ある日社長から、『来たるエネルギー資源の減耗と価格高騰により経済活動が停滞した時に備えて、今から消費を減らし、家庭菜園などを始めるように』というメッセージが届いたら、あなたならどんな反応をしますか。
実際に家庭菜園をして、トッテンのメッセージにあった「健康で幸福な生活」は実現できるのだろうか。
「家計を助けるまでの規模はありませんが、新鮮で安全な野菜を口にできるだけでも幸せです。家族が一緒になって何かの作業をするのは楽しいですし、五感を刺激する意味でも良いと思います。右脳を活性化しますので、頭の疲れをとるのにもいいですね。」
トッテンのメッセージを読み、改めて良い会社に勤務できたという思いが強くなったと、米倉は言う。

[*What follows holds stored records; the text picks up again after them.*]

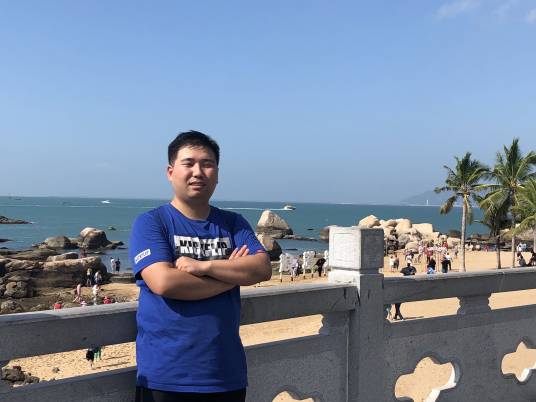 李猛（郑州大学数学与统计学院副教授）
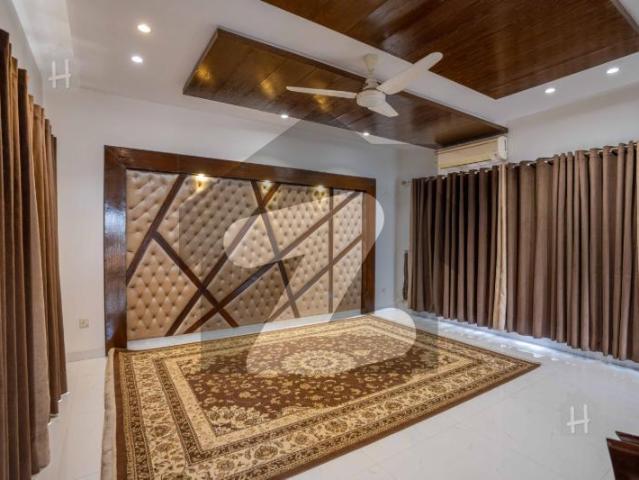 Very Close to Y Block McDonald & Park 1 Kanal Slightly Used Modern Design House DHA Phase 3 Block Y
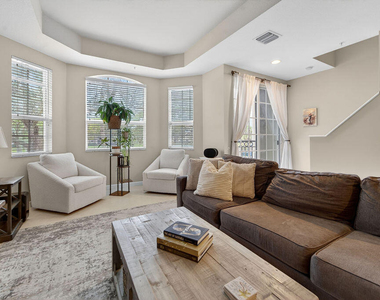 11860 Valencia Gardens Avenue - Photo Thumbnail 4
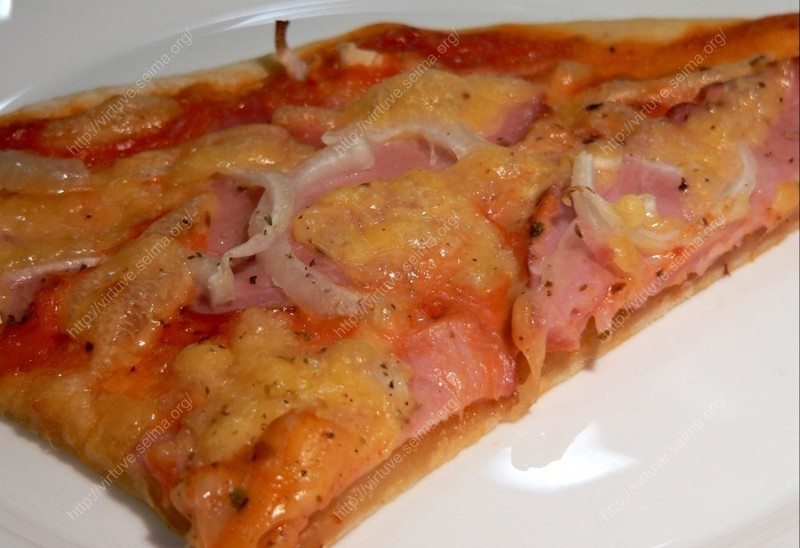 Pizza dough with baking powders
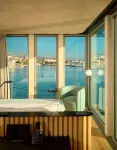 Hotel Ambasador - سبا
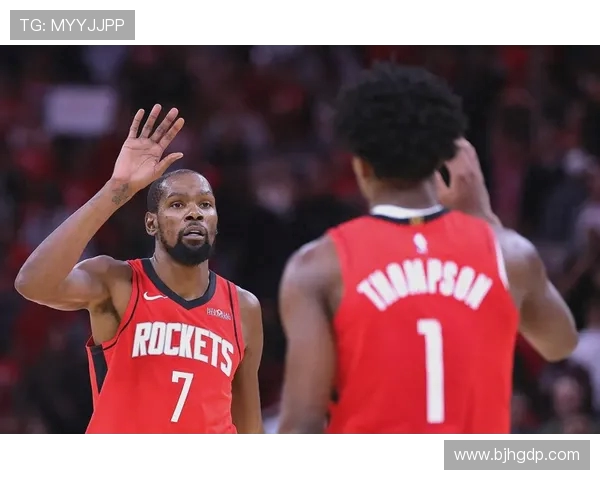 火箭队与开拓者激战1212场面精彩球迷热情高涨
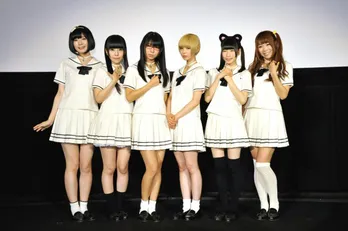 でんぱ組.incがミニスカ制服姿でライブ＆トーク！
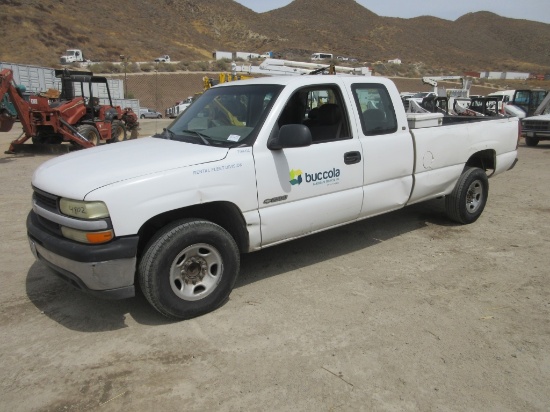 2000 Chevrolet 2500 Extended-Cab Pickup Truck,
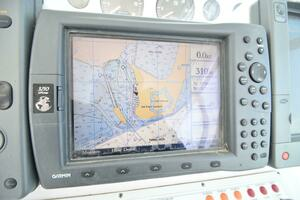 2001 Cabo 35 Express thumbnail 17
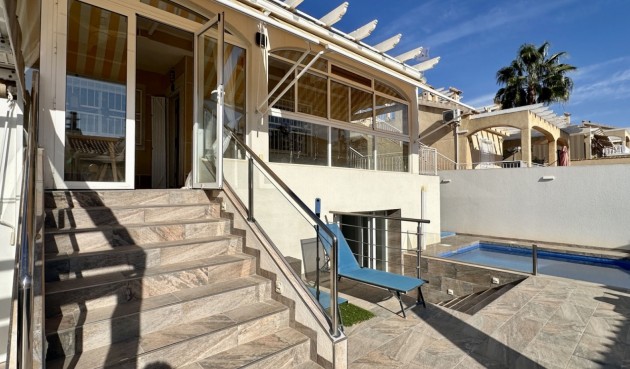 Återförsäljning - Villa -
Orihuela Costa - Costa Blanca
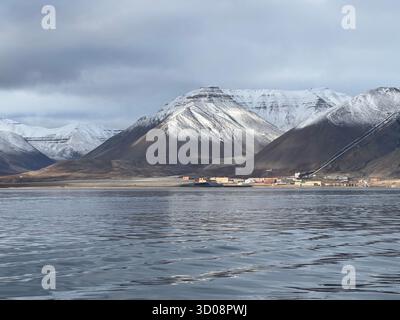 Vue panoramique sur les montagnes enneigées autour du village de Pyramiden à Svalbard, Norvège Banque D'Images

「西日本地区で農業クラブを始めた時、『農業部という部署を作っても良い』とすら言われました。何が人間の幸福かを考えている経営者のもとで働いていることを実感しました。特に震災後は家庭菜園をする方が増えたと聞いています。また以前、西日本地区の農業クラブメンバーにアンケートをとった時、家族とのコミュニケーションが増え、幸福度は確実にアップした、との回答が100%でした。プロジェクトはこれだけでも意義があったと思います」と米倉は語る。
財務法務部の伊藤美子は、2010年10月から農業クラブに参加した。
「2008年にメッセージを読んだ時は身近なこととして共感を持ちましたが、実際に行動に移すまでは思い描くことができませんでした。自分が参加しなくても、という気持ちがどこかにありましたし、会社帰りに洋裁を習ったり、休日の一日を家庭菜園に通うのもおっくうだと思いました」
そんな伊藤が家庭菜園を始めることにしたのは、トッテンが再び社員に宛てたメールがきっかけだった。トッテンがNECビッグローブ社を訪問し、同社が埼玉県で貸し農園を始めたことを知り、家庭菜園を始めたいが土地がないという社員はそれを利用してはどうかという内容だった。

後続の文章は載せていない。